Acetyl hexapeptide-8 (or -3), better known by its brand name, Argireline (Lubrizol; Wickliffe, Ohio), is a synthetic peptide gaining popularity in cosmeceutical products for its antiaging benefits. Argireline was developed by the company Lipotec in 2001. Media, beauty bloggers, and product claims have likened this product to a “Botox [or other neurotoxin] alternative,” or “Botox mimicker.”
Mechanism of action
Understanding how Argireline works requires a brief refresher on the mechanism of action of botulinum neurotoxin (BoNT). BoNT relaxes facial muscles and smooths expression lines by inhibiting acetylcholine release at the neuromuscular junction.1 More specifically, the various serotypes of BoNT are single-chain polypeptides that target members of the SNARE complex: SNAP-25, syntaxin, and Vamp.
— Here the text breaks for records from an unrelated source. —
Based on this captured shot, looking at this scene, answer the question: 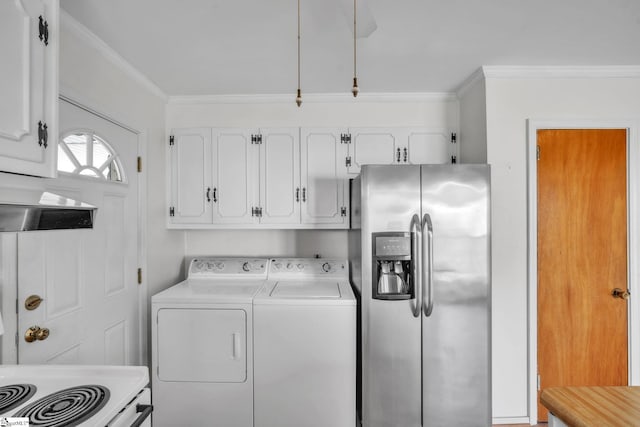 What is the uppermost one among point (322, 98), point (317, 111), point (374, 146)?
point (322, 98)

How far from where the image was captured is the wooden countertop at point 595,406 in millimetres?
792

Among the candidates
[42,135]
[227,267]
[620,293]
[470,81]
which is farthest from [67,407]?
[620,293]

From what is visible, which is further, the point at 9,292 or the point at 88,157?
the point at 88,157

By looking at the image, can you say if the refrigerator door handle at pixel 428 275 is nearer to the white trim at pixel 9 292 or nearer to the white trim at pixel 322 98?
the white trim at pixel 322 98

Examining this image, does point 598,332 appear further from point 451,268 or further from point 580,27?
point 580,27

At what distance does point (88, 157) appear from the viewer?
5.72ft

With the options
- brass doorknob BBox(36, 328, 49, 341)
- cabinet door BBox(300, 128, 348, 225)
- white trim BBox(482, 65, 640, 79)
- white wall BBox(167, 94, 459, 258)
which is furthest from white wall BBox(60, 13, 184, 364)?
white trim BBox(482, 65, 640, 79)

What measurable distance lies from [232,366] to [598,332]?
2.54 meters

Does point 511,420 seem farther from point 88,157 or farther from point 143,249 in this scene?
point 88,157

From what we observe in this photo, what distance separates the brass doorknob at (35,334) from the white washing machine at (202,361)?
0.64 m

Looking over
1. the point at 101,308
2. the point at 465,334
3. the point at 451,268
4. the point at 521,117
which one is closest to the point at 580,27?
the point at 521,117

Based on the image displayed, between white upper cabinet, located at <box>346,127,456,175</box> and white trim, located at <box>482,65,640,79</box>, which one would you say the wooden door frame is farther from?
white upper cabinet, located at <box>346,127,456,175</box>

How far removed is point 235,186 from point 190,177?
389 millimetres

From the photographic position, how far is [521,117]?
2.16 meters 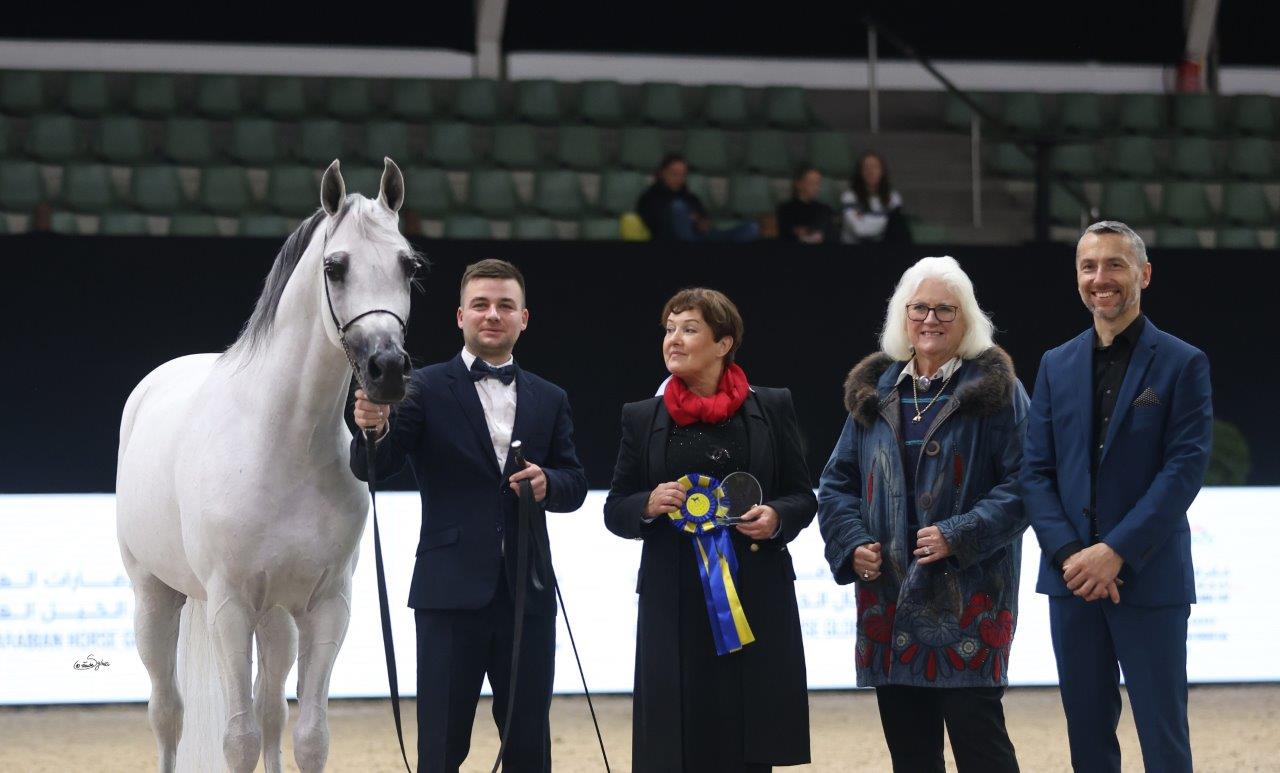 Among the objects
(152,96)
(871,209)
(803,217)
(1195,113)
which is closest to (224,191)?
(152,96)

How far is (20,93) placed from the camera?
823cm

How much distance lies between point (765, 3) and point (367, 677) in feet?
19.3

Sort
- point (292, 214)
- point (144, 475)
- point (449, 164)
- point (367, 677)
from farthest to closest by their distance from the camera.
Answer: point (449, 164) < point (292, 214) < point (367, 677) < point (144, 475)

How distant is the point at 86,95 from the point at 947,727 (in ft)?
23.3

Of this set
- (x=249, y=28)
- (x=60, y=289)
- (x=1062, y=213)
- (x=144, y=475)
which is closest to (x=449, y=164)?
(x=249, y=28)

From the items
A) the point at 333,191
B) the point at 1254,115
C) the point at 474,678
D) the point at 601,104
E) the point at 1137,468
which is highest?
the point at 601,104

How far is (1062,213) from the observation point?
7.98 m

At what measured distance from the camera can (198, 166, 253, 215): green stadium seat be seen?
7.58 meters

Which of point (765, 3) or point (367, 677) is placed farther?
point (765, 3)

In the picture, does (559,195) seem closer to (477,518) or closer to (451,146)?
(451,146)

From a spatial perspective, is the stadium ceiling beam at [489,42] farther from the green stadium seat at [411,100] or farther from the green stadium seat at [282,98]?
the green stadium seat at [282,98]

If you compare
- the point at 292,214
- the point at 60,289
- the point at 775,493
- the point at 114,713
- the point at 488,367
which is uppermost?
the point at 292,214

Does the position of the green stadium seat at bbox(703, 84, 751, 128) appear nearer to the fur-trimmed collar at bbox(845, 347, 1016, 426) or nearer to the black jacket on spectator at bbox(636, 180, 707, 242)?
the black jacket on spectator at bbox(636, 180, 707, 242)

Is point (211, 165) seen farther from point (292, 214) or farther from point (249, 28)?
point (249, 28) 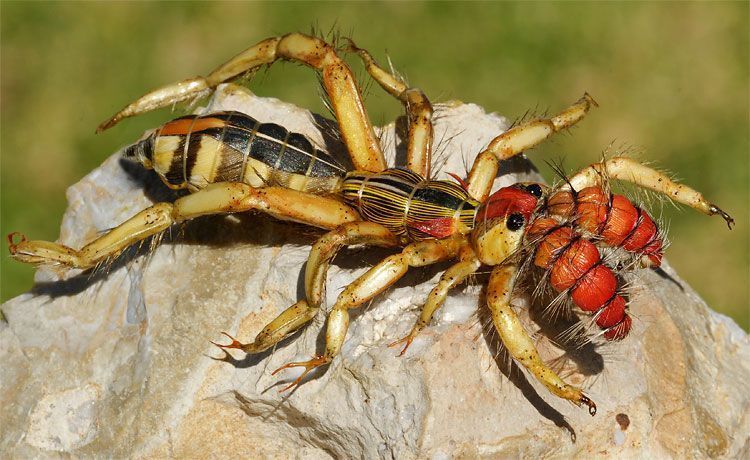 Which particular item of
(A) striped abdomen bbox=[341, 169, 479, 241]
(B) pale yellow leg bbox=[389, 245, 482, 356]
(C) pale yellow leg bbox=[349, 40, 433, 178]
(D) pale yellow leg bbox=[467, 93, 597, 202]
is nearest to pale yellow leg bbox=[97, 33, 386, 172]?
(C) pale yellow leg bbox=[349, 40, 433, 178]

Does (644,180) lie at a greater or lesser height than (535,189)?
greater

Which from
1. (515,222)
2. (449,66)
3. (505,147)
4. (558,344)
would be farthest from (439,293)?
(449,66)

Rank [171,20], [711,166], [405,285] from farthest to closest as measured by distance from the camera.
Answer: [171,20] < [711,166] < [405,285]

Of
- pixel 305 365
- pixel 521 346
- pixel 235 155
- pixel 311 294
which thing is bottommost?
pixel 305 365

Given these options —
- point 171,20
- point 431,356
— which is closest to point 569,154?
point 171,20

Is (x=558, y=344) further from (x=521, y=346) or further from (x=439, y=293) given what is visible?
(x=439, y=293)

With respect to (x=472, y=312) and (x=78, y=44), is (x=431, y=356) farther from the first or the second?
(x=78, y=44)

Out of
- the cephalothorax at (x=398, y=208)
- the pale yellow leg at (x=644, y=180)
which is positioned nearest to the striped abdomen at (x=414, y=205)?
the cephalothorax at (x=398, y=208)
The proteins within the SNARE complex are involved in the docking and fusion of presynaptic vesicles to the presynaptic membrane, necessary steps for acetylcholine release into the neuromuscular junction and muscle contraction. By blocking the action of the SNARE complex proteins, BoNT inhibits release of acetylcholine in the neuromuscular junction and prevents muscle contraction.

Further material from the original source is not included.